Once the line with "NavTech Introduces ‘Nav" is found in the entries below, repeat it and each following line exactly, up to and including the line with "Какво прави rotflatwttb престои". Add no other lines.

== RECORDS SHOWN

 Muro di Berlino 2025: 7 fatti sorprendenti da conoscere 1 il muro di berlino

====
== RECORDS SHOWN

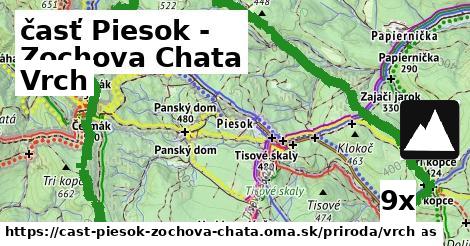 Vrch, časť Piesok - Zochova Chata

====
== RECORDS SHOWN

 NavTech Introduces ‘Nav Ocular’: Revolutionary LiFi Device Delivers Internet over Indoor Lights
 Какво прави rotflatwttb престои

====

EXERCISE ANSWER
 NavTech Introduces ‘Nav Ocular’: Revolutionary LiFi Device Delivers Internet over Indoor Lights
 Какво прави rotflatwttb престои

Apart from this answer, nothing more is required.